Problem to solve | Beneath this instruction is a listing; print exactly the lines in it starting at the line that contains "mercado legal Efraim" and going through the line that contains "GARDENS PH 01 - Residential".

BEGIN Exercise data

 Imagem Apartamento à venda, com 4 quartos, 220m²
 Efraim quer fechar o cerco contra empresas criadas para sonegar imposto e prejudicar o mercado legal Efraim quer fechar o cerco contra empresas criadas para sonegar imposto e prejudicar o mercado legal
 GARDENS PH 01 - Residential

END Exercise data
BEGIN Exercise data

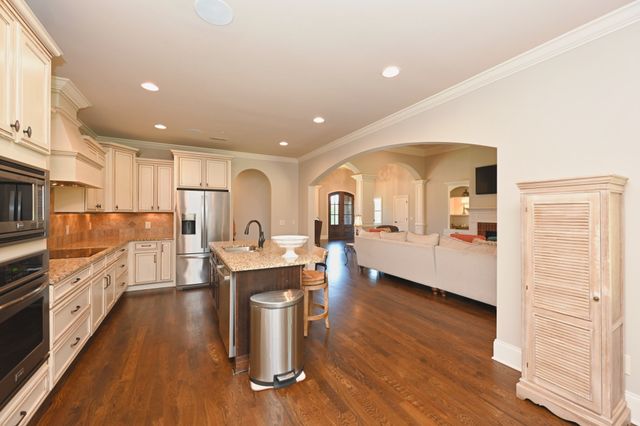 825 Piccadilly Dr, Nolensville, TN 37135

END Exercise data
BEGIN Exercise data

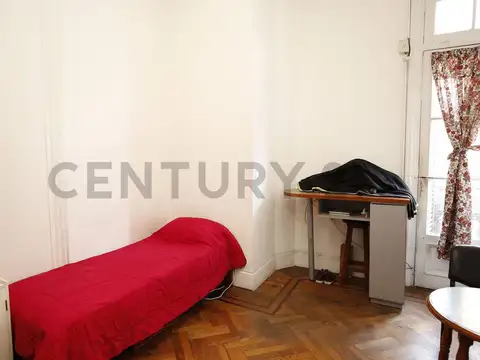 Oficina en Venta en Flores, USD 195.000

END Exercise data

Solution to the exercise |
 Efraim quer fechar o cerco contra empresas criadas para sonegar imposto e prejudicar o mercado legal Efraim quer fechar o cerco contra empresas criadas para sonegar imposto e prejudicar o mercado legal
 GARDENS PH 01 - Residential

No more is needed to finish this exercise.